▸ **TO DO**
Please transcribe exactly, and only, the lines of the data below between the line holding "Túi xách mini" and the line holding "Chai, Canvas &", inclusive.

▸ **DATA SHOWN**
____________

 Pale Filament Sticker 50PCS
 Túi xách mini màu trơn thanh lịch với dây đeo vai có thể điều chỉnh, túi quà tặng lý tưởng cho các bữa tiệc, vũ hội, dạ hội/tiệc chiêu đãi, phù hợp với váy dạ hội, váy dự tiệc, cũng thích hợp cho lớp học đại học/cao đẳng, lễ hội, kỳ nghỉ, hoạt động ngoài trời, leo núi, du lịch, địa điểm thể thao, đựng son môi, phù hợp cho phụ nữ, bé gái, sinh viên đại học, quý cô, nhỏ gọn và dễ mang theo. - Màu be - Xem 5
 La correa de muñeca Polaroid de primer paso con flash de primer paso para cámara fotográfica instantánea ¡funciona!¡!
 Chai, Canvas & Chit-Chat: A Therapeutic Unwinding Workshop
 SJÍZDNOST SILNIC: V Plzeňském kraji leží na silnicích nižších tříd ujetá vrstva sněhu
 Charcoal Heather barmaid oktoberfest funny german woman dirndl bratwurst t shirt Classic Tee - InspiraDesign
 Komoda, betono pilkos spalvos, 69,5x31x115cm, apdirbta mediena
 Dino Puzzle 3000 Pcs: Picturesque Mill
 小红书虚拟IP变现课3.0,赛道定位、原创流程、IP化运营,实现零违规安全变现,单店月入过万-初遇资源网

____________

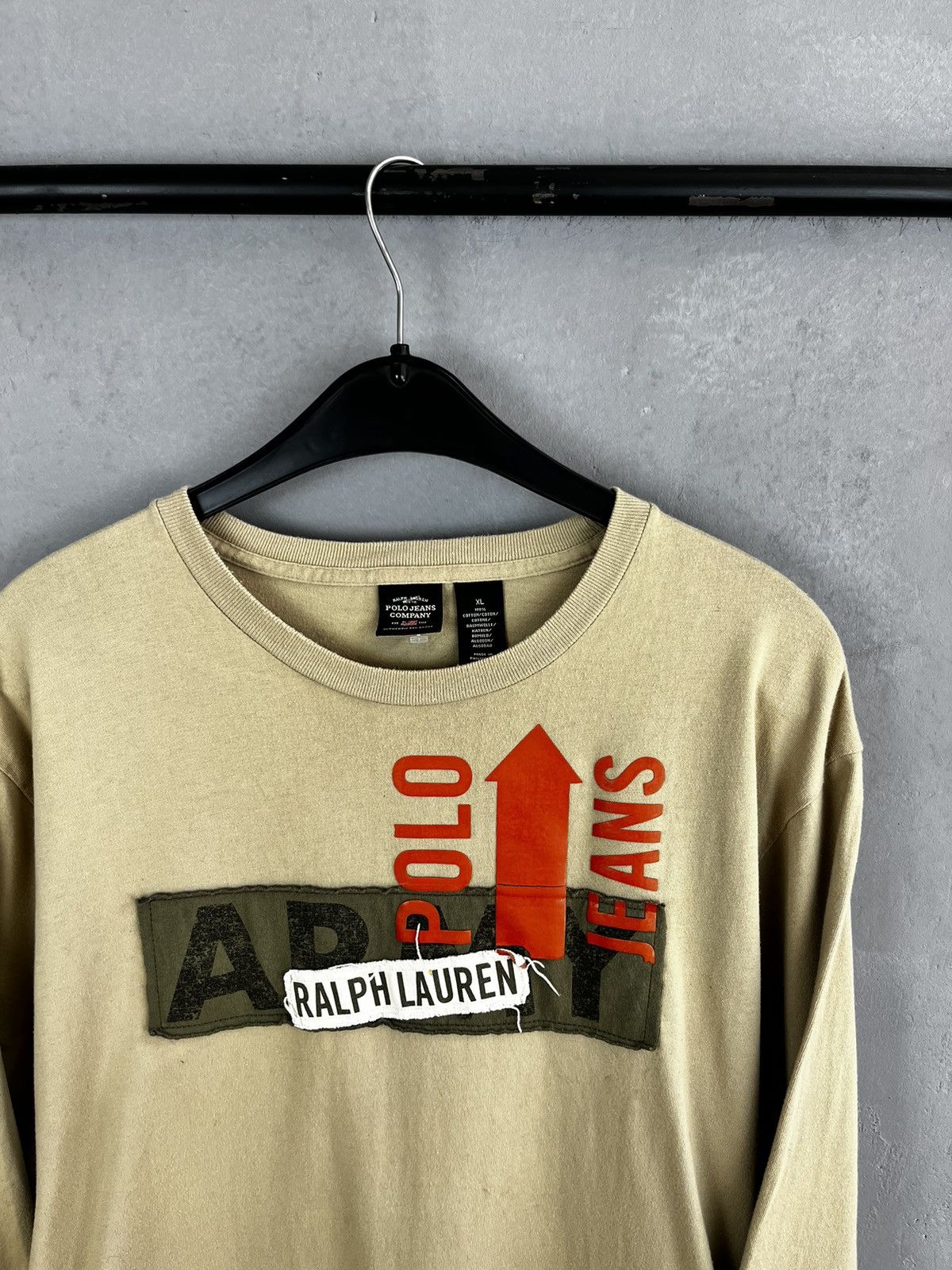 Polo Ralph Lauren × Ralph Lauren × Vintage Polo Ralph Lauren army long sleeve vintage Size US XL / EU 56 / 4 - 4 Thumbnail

____________

▸ **ANSWER SECTION**
 Túi xách mini màu trơn thanh lịch với dây đeo vai có thể điều chỉnh, túi quà tặng lý tưởng cho các bữa tiệc, vũ hội, dạ hội/tiệc chiêu đãi, phù hợp với váy dạ hội, váy dự tiệc, cũng thích hợp cho lớp học đại học/cao đẳng, lễ hội, kỳ nghỉ, hoạt động ngoài trời, leo núi, du lịch, địa điểm thể thao, đựng son môi, phù hợp cho phụ nữ, bé gái, sinh viên đại học, quý cô, nhỏ gọn và dễ mang theo. - Màu be - Xem 5
 La correa de muñeca Polaroid de primer paso con flash de primer paso para cámara fotográfica instantánea ¡funciona!¡!
 Chai, Canvas & Chit-Chat: A Therapeutic Unwinding Workshop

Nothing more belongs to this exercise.